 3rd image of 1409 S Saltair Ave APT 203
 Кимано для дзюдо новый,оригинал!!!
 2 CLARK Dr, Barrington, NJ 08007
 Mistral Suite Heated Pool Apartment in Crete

..............................

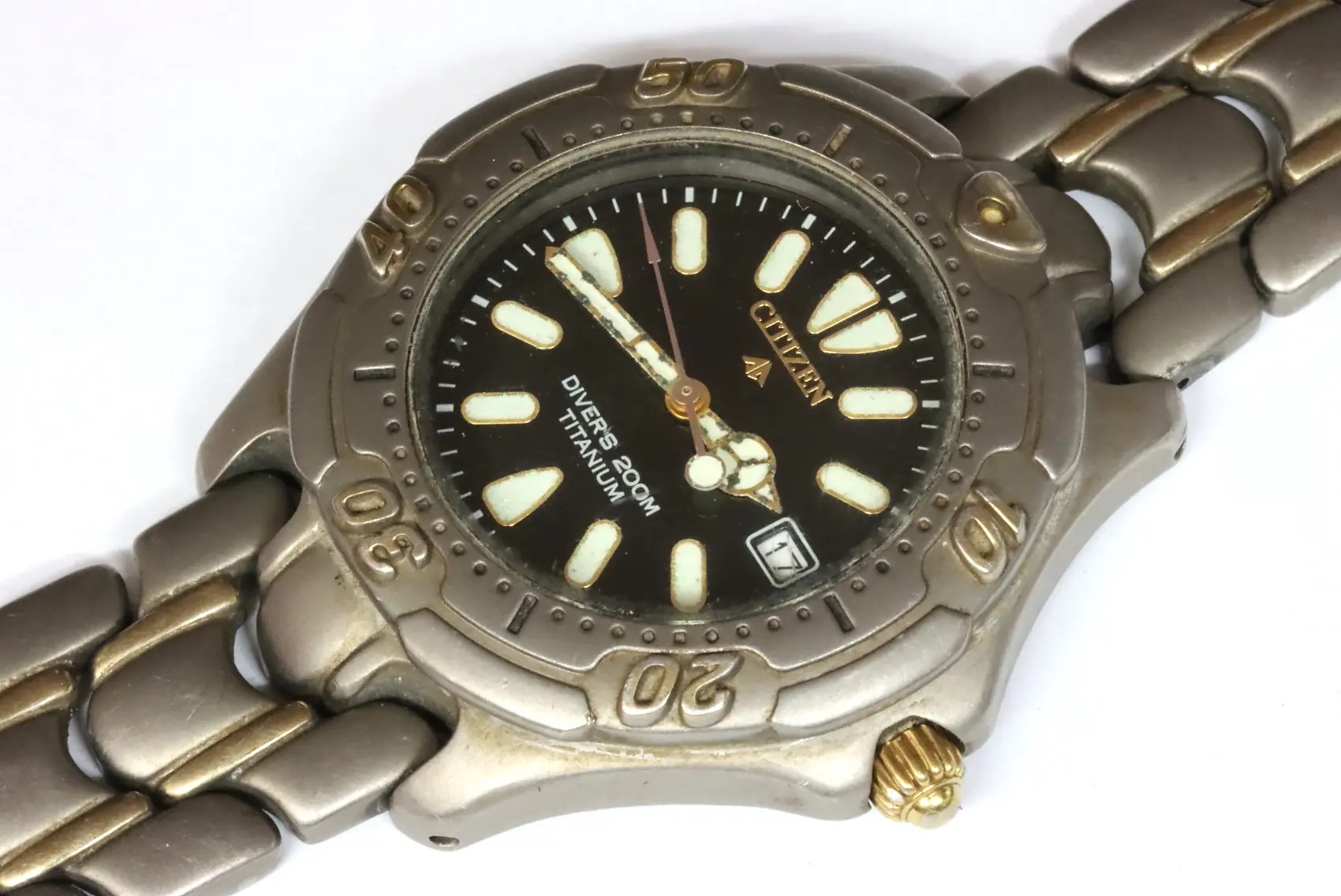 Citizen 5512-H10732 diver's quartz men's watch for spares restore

..............................

- _WORK TASK_:
Write down again, exactly as given, only the lines above that fall from the line with "2 CLARK Dr, Barrington, NJ 08007" to the line with "Mistral Suite Heated Pool Apartment in Crete", inclusive.

- _OUTPUT FOR THIS TASK_:
 2 CLARK Dr, Barrington, NJ 08007
 Mistral Suite Heated Pool Apartment in Crete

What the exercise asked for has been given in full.